Se ha conformado un Núcleo de Hiperselección denominado Corriedale PRO, una iniciativa clave para el mejoramiento de la genética animal en la raza ovina Corriedale. Este grupo de élite busca acelerar el progreso genético para producir lanas más finas, manteniendo las características carniceras que distinguen a estos animales. La acción se desarrolla en la Patagonia argentina.
La genética animal Corriedale avanza hacia lanas más finas
Un núcleo de hiperselección Corriedale PRO, impulsado por INTA y criadores, busca optimizar la genética animal en ovinos para reducir el diámetro de la fibra.

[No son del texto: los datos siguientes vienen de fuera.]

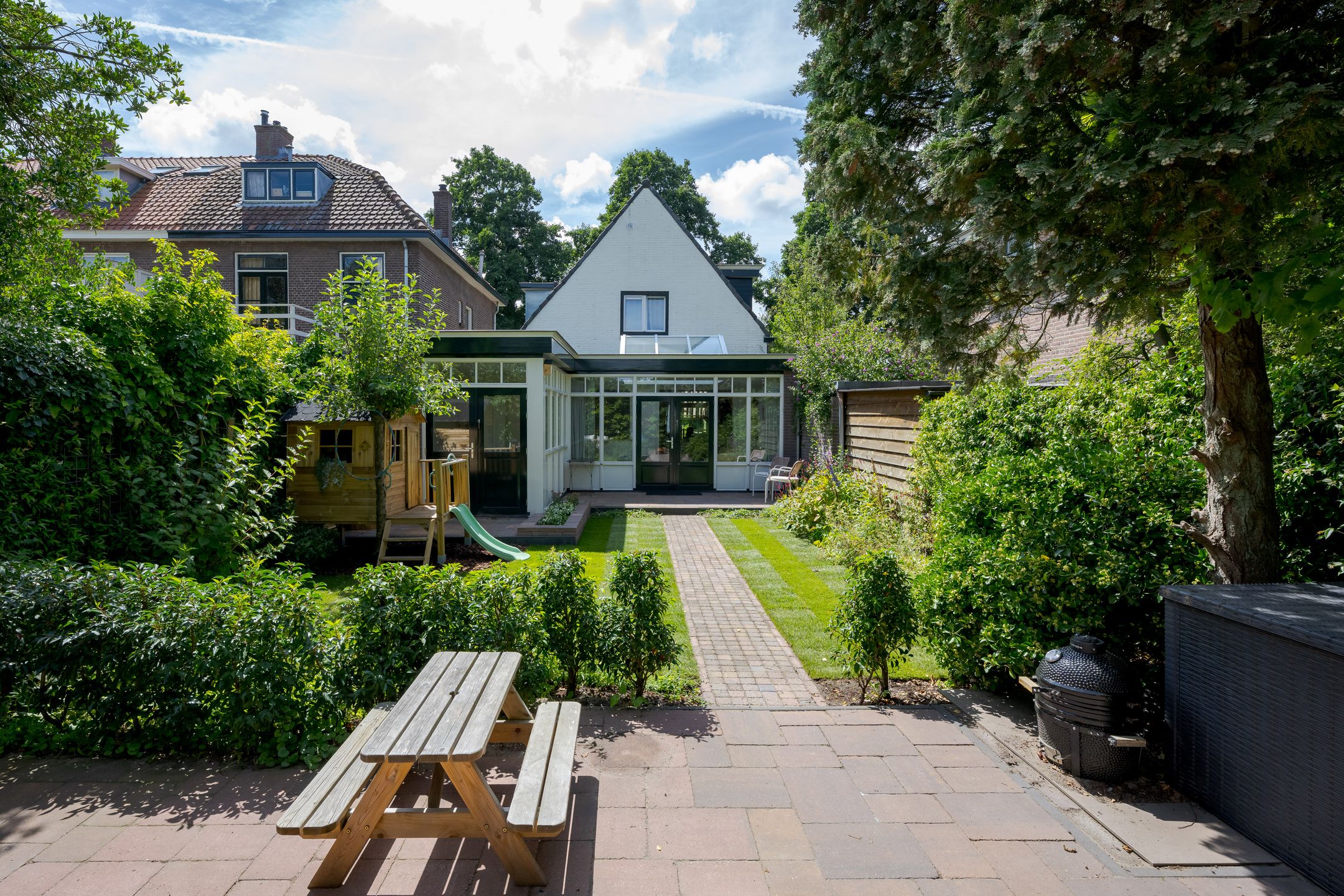 Foto 45 van Papelaan 34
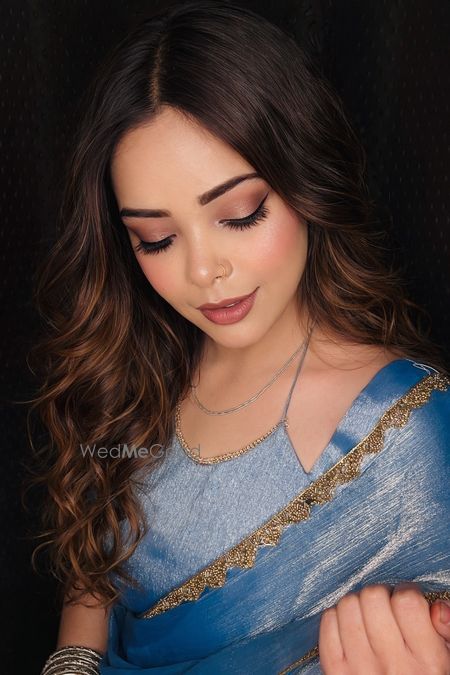 portfolio-pic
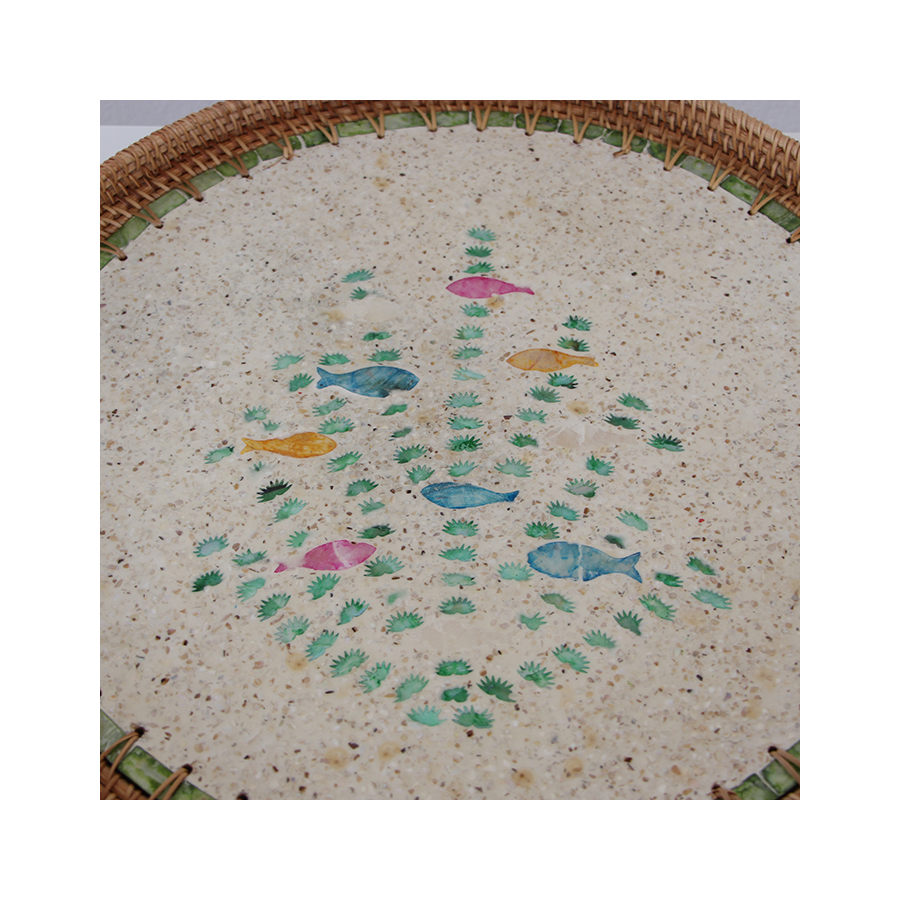 MyLamp Concept | Aydınlatma & Dekorasyon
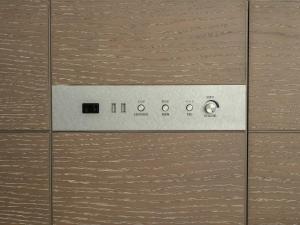 京都insomnia KYOTO OIKE的相册照片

El proyecto es resultado de un convenio entre el INTA, la Asociación Argentina de Criadores de Corriedale y la Sociedad Rural de Río Gallegos, con financiamiento del Instituto de Promoción de la Ganadería de Santa Cruz (IPG). Los primeros animales nacidos de este núcleo ya han sido incorporados oficialmente a los registros genealógicos de la Sociedad Rural Argentina, marcando un hito en la producción ovina regional.
Corriedale PRO tiene como misión avanzar en la mejora de la finura de la lana, buscando alcanzar un diámetro más competitivo en el mercado, sin comprometer la aptitud carnicera. Mauricio Álvarez, coordinador del Programa Nacional de Carnes y Fibras Animales del INTA, explicó que el desafío es significativo y que los criadores lograron un acuerdo para integrar animales seleccionados de diversos establecimientos, basándose en información objetiva.
Avances en la finura de la lana ovina
Los primeros resultados de esta selección son alentadores. En la primera camada esquilada, se logró reducir aproximadamente 1 micra el diámetro de la fibra en una sola generación. Durante la evaluación realizada en 2025, se analizaron más de 3.000 reproductores Corriedale de Santa Cruz y Tierra del Fuego, incluyendo animales de pedigrí y de majadas generales.
El proceso de evaluación registra parámetros como peso corporal al destete, peso a la primera esquila, peso de vellón sucio y limpio, diámetro medio de fibra, profundidad de ojo de bife, espesor de grasa dorsal y circunferencia escrotal. Juan Ibañez, responsable de la iniciativa en la EEA Santa Cruz, destacó que el programa se ha consolidado gracias a la participación activa de los criadores, quienes utilizan esta herramienta para mejorar sus planteles.
Impacto de la genética animal en la producción
El proyecto, iniciado en 2014, surgió de la demanda de productores e industria ante la preocupación por la pérdida de calidad de las carcasas debido a cruzamientos con líneas más laneras. La búsqueda de una mayor finura en la lana, sin sacrificar la aptitud carnicera, es fundamental para mantener la competitividad de la raza Corriedale en el mercado.